2) There is water in the casing that entered from a heavy rain before the ends of the casing was sealed off (We poured the downhill manhole first) causing the carrier pipe to float.

3) Some of the casing spacers have come off and have created an obstacle possibly jumbling up and causing a variation in elevations.

4) the casing did not go straight during the bore. Most unlikely IMO because 18" steel casing does not bend as fast as the pipe is showing to be bent. The clay is soft thus unlikely to cause the pipe to veer up or down due to more friction on one side than the other. The other reason I dont think this is the case is because we are right on target horizontally.

We are about to spend a considerable amount of money and time in an attempt to remedy the problem. Our client is not buying it as it is. I cannot open cut the casing since it travels under a major highway, but we can pothole it in the medians and cut open the casing to try and get an idea of what is going on inside of it.

I know the video is long, but I would like for many of the sharp minds and many years experience to take a look at this. If there is any input anyone can give to help me fix this problem, I would greatly appreciate it.

A youtube link to the video is below. Feedback is greatly appreciated. TIA

http://www.youtube.com/watch?v=0N5wZVEsW-w

It may take a while for youtube to process this file, so if it is not available now (5:08PM) give a it a few minutes.

 

[semo]

Looks like no one wants to tackle this one. Probably because anything said is strictly speculation and not enough information was given on the installation. Was RACI type spacers used (or wooden blocks banded to the pipe)? What spacing were the spacers placed at?

You will have to pull the carrier pipe or get some kind of camera between it and the casing to determine what has occurred.

My initial guess would be that the spacers were not installed at the proper distances and allowing the pipe to sag; but, I wasn't there to see the installation. Depending on what kind of spacers, it's possible they could have slipped as well.

If it took enough pressure pushing the pipe to bend it, something was wrong and should have been noted during the installation. The pipe should have slid in easily.

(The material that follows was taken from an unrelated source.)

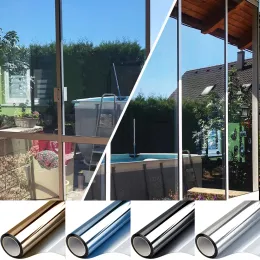 Folien, Wärmedämmung, Solarfenster-Sichtschutzfolie, Verdunkelungsglasaufkleber für Zuhause, selbstklebender Vinyl-Spiegel, reflektierende Fenstertönung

I think you need to follow your instinct and do some more investigation.

 

[cvg]

1) your casing is way too small for installing a relatively flat sloped gravity pipe. One inch annular space does not allow any adjustment in the carrier pipe to maintain proper slope. typical specs require "The inside diameter of the steel liner plate or steel casing shall be a minimum of 12 inches larger than the largest outside diameter of the carrier pipe..."

2) with such a small space between the casing and the carrier pipe, it is unlikely that misaligned casing spacers could cause such a variation in slope of the carrier pipe

3)It is likely that the casing pipe was either bent or not installed to the proper line and grade, regardless of how close it came out at the receiving pit. Pushing the casing with an excavator is not a generally accepted method of jacking...

4) the CCTV should have been run through the casing prior to installing the carrier pipe.

 

[itsleighton]

Thanks for your replies-- I appreciate the time and thought-- CVG, just so you know, we were not pushing the casing thru with an excavator-- we jacked the casing with the bore machine in the manner it was intended-- it was the carrier pipe we pushed thru the casing with the excavator-- which is pretty standard in this part of the world.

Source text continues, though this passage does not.